When Scott Stewart first saw an example of reduced control of thrips by one of the commercial seed treatments in cotton in 2011, he wrote it off to misapplication or failure to treat all of the seed in one field in west Tennessee.
“Most years we see very little difference in thrips control or cotton yields between the seed treatments,” said Stewart, professor and IPM coordinator with the University of Tennessee, speaking at the Southern Crop Consultants Meeting in Memphis, Tenn. “Sometimes we’ve seen higher yields with the seed treatments than with Temik in-furrow.”
When a similar problem occurred at the University of Tennessee’s Milan Experiment Station the following year, Stewart contacted the station’s resident director to try to determine the cause of the yield.
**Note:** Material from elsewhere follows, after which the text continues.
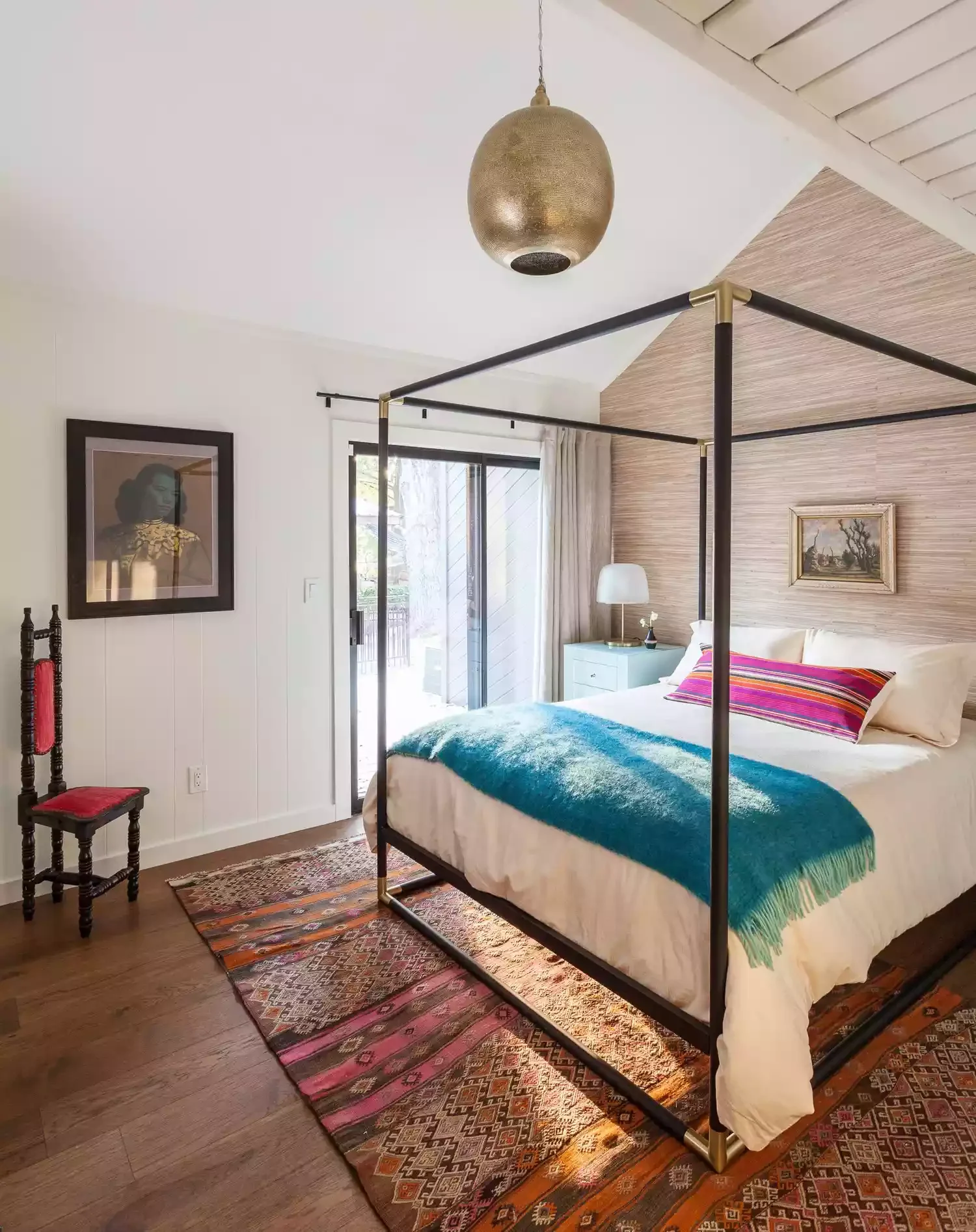 25 Bedroom Accent Wall Ideas That Completely Transform Add Subtle Texture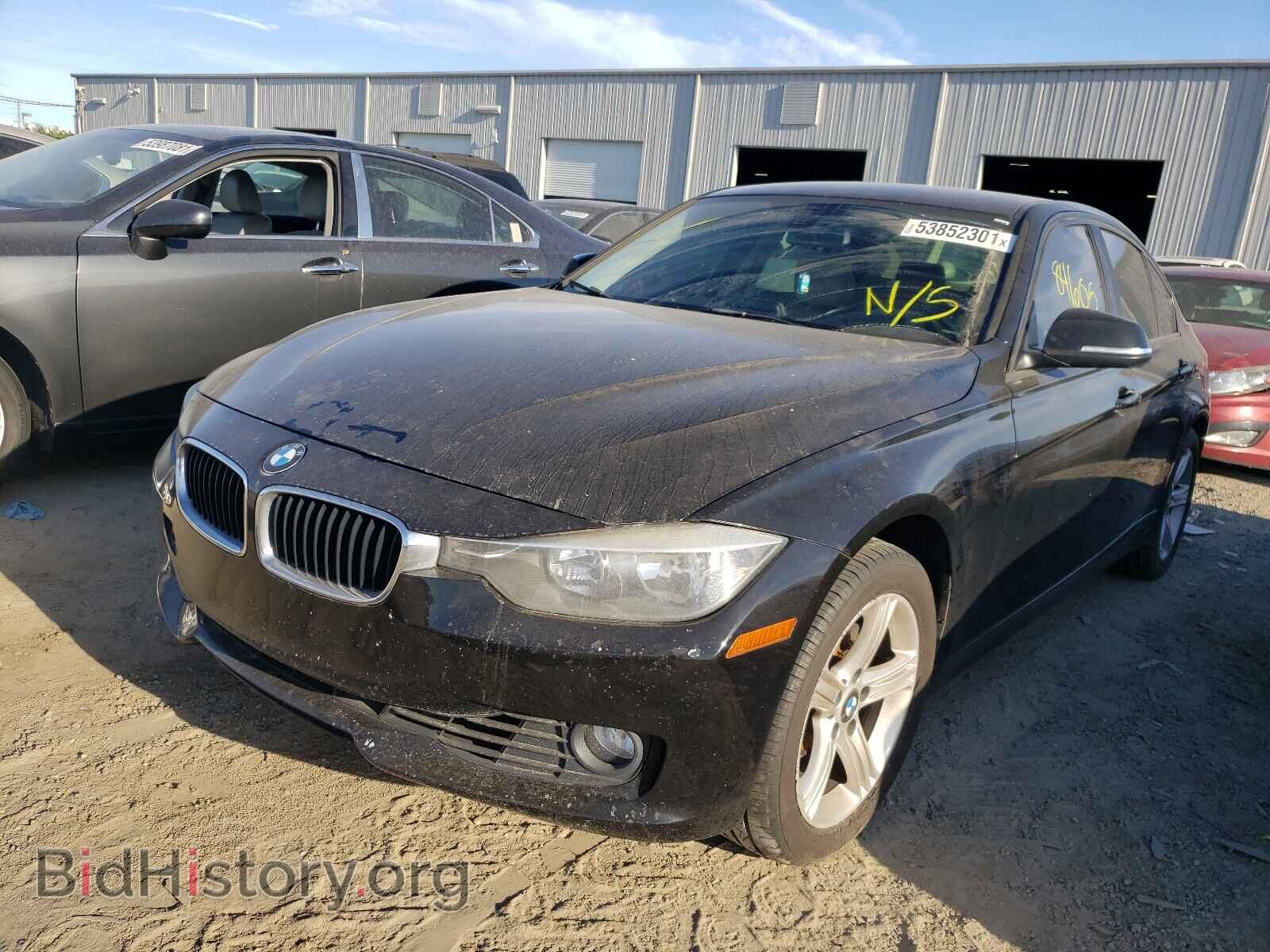 2012 BMW 3 SERIES - VIN: WBA3A5C53CF345942 - Фото 2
It turned out researchers had applied high rates of Cotoran and Dual herbicides pre-emergence to combat glyphosate-resistant Palmer amaranth or pigweed in the plots.
“We know that pre-emergence herbicides can have an impact on seedling vigor and delay the crop,” said Stewart. “We thought the herbicides might also be preventing absorption of the thiamethoxam, the active ingredient in one of the seed treatments.”
But laboratory analyses showed the plants in the plots that received higher rates of pre-emergence herbicides also had higher levels of thiamethoxam.